The dangers of being involved in Alcoholics Anonymous and other 12 step groups are numerous.  On this site, you’ll find me constantly railing against their self-defeating philosophies and methods, but elsewhere, people are keeping track of the other dangers.  I’ve become a daily reader of a fantastic blog called Stinkin-Thinkin – which is written by former AA members, and has a large following of disenchanted AAs.  Their Keep Coming Back series of posts does a great job of documenting the many problems inherent in a group with an anonymous anarchic structure, and the many shady characters one could get involved with when attending AA – a place where people seemingly open their souls to each other, something which can make them very vulnerable to the wrong type of person.  This brings me to their latest post, about a man who used his influence within AA to scam members out of their life savings – including a 74 yr old AA member.  Check out the post here: Keep Coming Back (Bring Your Checkbook)

Here’s what one Stinkin-Thinkin commenter had to say:

I’m sure that organisations like churches and benevolent societies have their share of exploiters and manipulators in their ranks, but aa is purpose made as a hunting ground for predators by virtue of its culture of anonymity and unaccountability.

My advice, us usual, is to stay away from AA.  Deal with your substance use problem on your own, you’ll be much better off in the long run.  For alternatives to AA and conventional 12-step based treatment programs, check my Find Help Now page.
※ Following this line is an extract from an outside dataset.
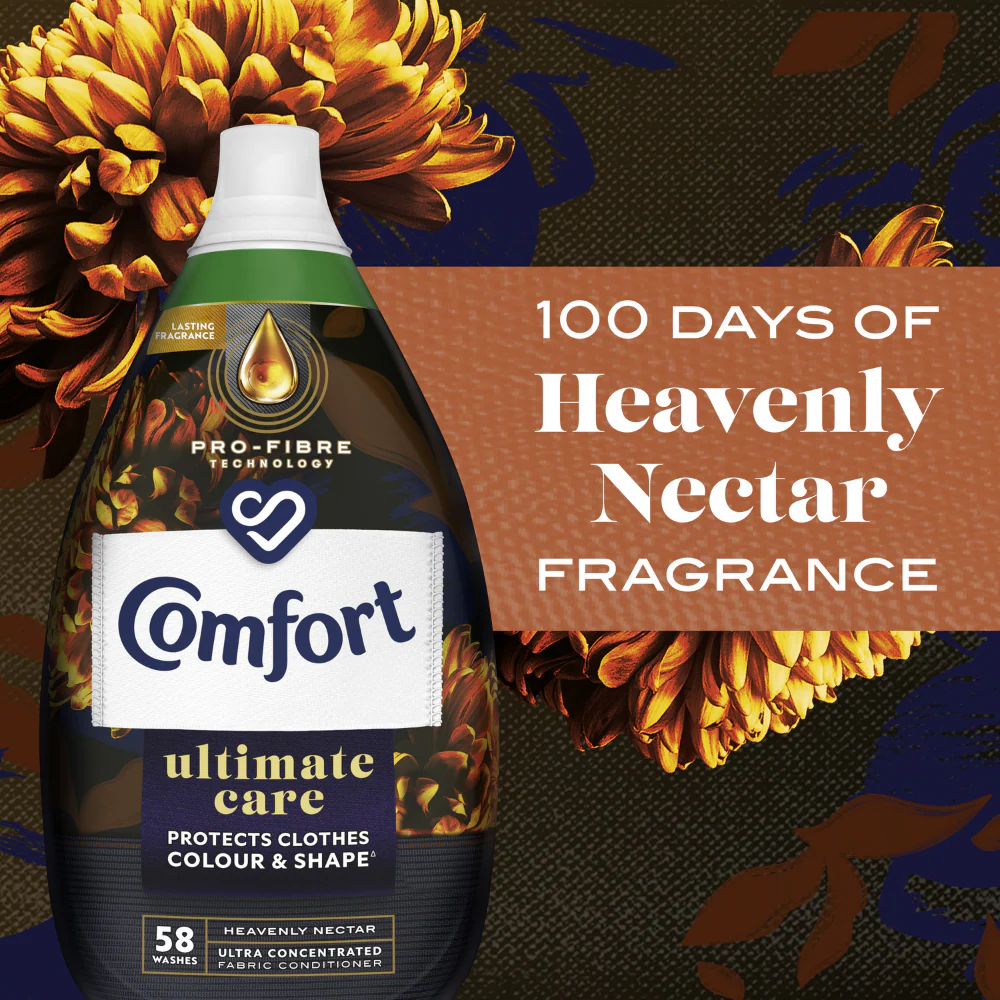 Comfort Ultimate Care Heavenly Nectar Ultra-Concentrated Fabric Conditioner 58 Washes 870ml - Image 3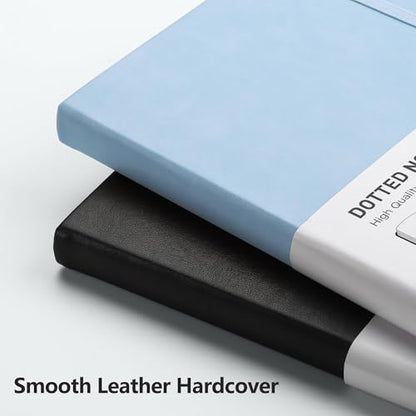 RETTACY Dotted Journal Notebook, 192 Pages, A5 Medium Size (5.7'' x 8.3''), Leather Hardcover, 100 GSM Thick Paper, for Journaling, Planning, Tracking (Light Blue) - color: Light Blue, style: Dotted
Also, please don’t miss the irony that if the 12 Steps are followed correctly, and if they worked, they would be a ponzi scheme in and of themselves.  The ultimate goal is to stay sober by passing along the message to new members, and that these newbies, which the Big Book of AA admits will probably not get well, are supposed to serve as fuel for your own recovery.  That’s the 12th step, and it’s everlasting.  If you didn’t have a constant stream of miserable new recruits who lose in the long run, then you would presumably lose your sobriety.  It’s absurd, I know, but that’s how it’s taught!